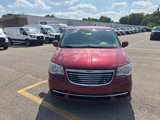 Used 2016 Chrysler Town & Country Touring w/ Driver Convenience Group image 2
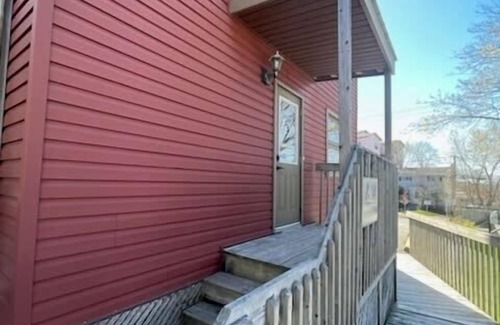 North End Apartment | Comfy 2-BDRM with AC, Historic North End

= = = = = = =

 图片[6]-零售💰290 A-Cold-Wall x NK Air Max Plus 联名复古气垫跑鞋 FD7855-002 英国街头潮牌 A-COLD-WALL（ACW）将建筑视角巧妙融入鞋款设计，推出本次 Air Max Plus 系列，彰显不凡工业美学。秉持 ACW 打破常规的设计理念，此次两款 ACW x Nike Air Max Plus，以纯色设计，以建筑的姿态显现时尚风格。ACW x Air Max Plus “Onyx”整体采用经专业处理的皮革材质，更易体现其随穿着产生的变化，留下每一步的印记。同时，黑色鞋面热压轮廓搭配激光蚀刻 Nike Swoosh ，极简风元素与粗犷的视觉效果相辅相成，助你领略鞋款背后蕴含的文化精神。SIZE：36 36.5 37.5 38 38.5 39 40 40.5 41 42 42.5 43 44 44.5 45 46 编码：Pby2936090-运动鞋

= = = = = = =

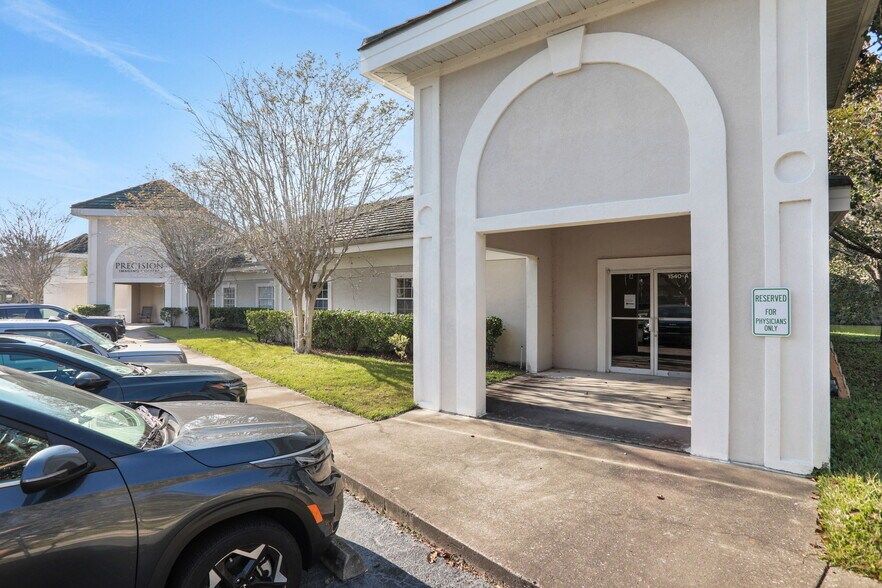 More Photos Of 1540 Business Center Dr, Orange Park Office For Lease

= = = = = = =

• **Exercise goal**
Although pictures appear among the entries, please set down only the lines from the one with "Used 2016 Chrysler" up to and including the one with "North End Apartment", word for word.

• **Result**
 Used 2016 Chrysler Town & Country Touring w/ Driver Convenience Group image 2
 North End Apartment | Comfy 2-BDRM with AC, Historic North End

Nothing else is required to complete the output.